According to de Frutos (pictured), the recent volatility spikes are consistent with normal market behaviour.
He said: ‘These type of volatility spikes have become more frequent – we have steady markets, then a sharp correction. There may be some technical factors at play, such as high frequency trading, but markets behave like that. They are not smoothly pricing in all kind of variables and factors that affect valuations. This might also be exacerbated by a long equity bull run. Maybe it’s a behaviour that has been forgotten.

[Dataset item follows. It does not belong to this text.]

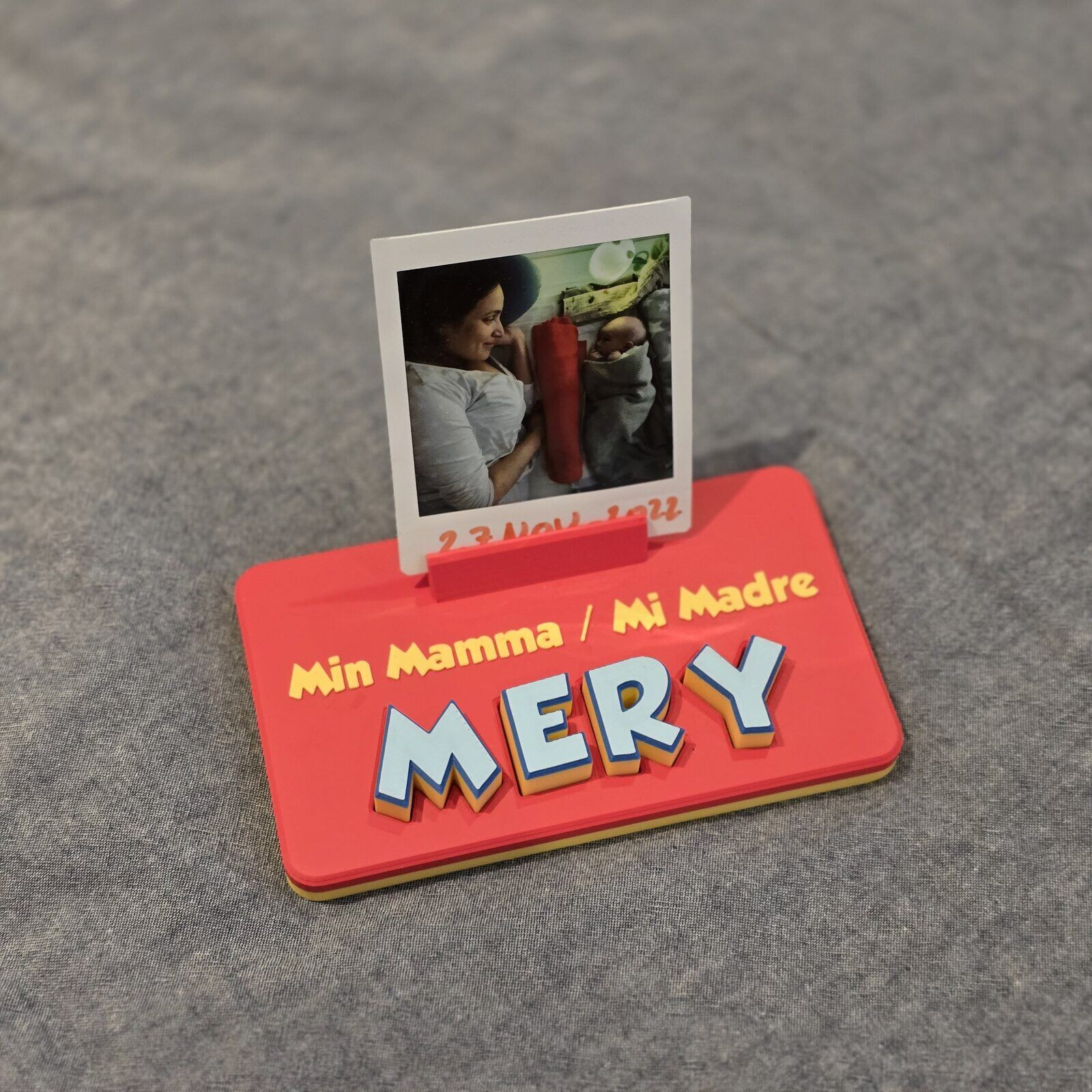 A name board spelling Mery with a photo standing in its holder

‘It’s a question of whether or not it’s a correction that’s justifiable from fundamentals. Interest rates have been increasing over the year, but also corporate earnings. However, third quarter earnings have been less exuberant, and investors are recalibrating their expectations. So I’m sure it’s more a valuation kind of sell-off than a macro sell-off, which would instead indicate that something had gone wrong on the macro side or that the probability of a recession is increasing.’
While the sell-off itself has not pushed de Frutos to change his allocations, he did note that positive real interest rates have prompted him to reduce his exposure to gold.
‘It is very difficult to have an allocation for gold when you see that you have positive real interest rates. In the US, interest rates are increasing and inflation remains well anchored, so we’re having positive real interest rates for the first time in many years. We like gold as a diversifier, but holding gold is a questionable investment at the moment, so we cut it,’ he said.